An interesting period occurred during Russell’s American tour when his reputation was clouded by a storm of harsh criticism. A knowledgeable musician wrote in the press that the Russell songs he heard contained music of different composers, and in one song was lifted note by note from a work by Rodolphe; yet Russell never gave these composers credit. The critic accused him of plagiarism and challenged Russell to either admit or disprove. The heated exchanges that followed, along with further accusations and court cases, make interesting reading. Later on, he is shadowed and mimicked by a Henry Smith who used his songs and stories without permission or acknowledgement. Since Smith followed Russell from America to London it is perhaps likely that he sparked off the original accusation of plagiarism.

His most popular numbers were ‘A Life on the Ocean Wave’, the sentimental ‘Woodman, spare that Tree’, and graphic songs like ‘The Maniac’ and ‘The Drunkard’ with their moralising themes. With the latter, Russell found himself applauded by the Temperance Society. His favourite London venue for concerts was the elegant and fashionable Hanover Rooms, where leaders of society enjoyed being seen. Here he introduced some of the American Negro Spiritual and Plantation songs composed on his recent travels. This was to bring about the introduction to England of the Ethiopian Singers from America, who were white singers blacked up with fuzzy wigs. In turn, this development would lead to the Christy Minstrels and others using banjo-led rhythms that were popularised in the 1870s.

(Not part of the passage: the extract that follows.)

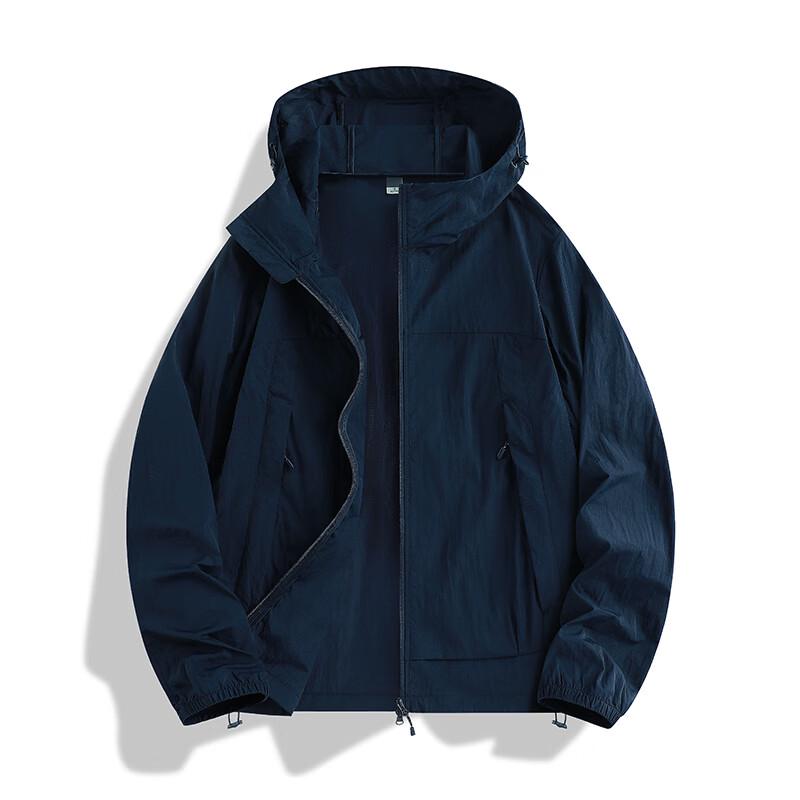 Buzhiyi Unisex UPF50+ Hooded Sun Protection Jacket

His legacy of more than 350 songs and a few short oratorios has been largely forgotten. They are not pieces that are regularly found cropping up in second-hand bookshops, but nevertheless whether an original composer or not he believed strongly in his skills and expended enormous amounts of energy in providing good entertainment. Interestingly, a son by Russell’s mistress, Hannah Ronald, grew up to be knighted for his services to music. That was Landon Ronald, a close friend of Elgar who had had his first composition published at the age of eight and had once been associated with the Queen’s Hall as a principal conductor.

In this excellent volume, Andrew Lamb has amassed an extensive collection of newspaper reports and reviews to piece together a correct account of the progressive activities of this entrepreneur. Lamb has been careful to justify errors in Russell’s autobiography by cross-referencing with multiple sources. It was discovered that information gleaned from censuses proved to contain errors and this only served to complicate matters.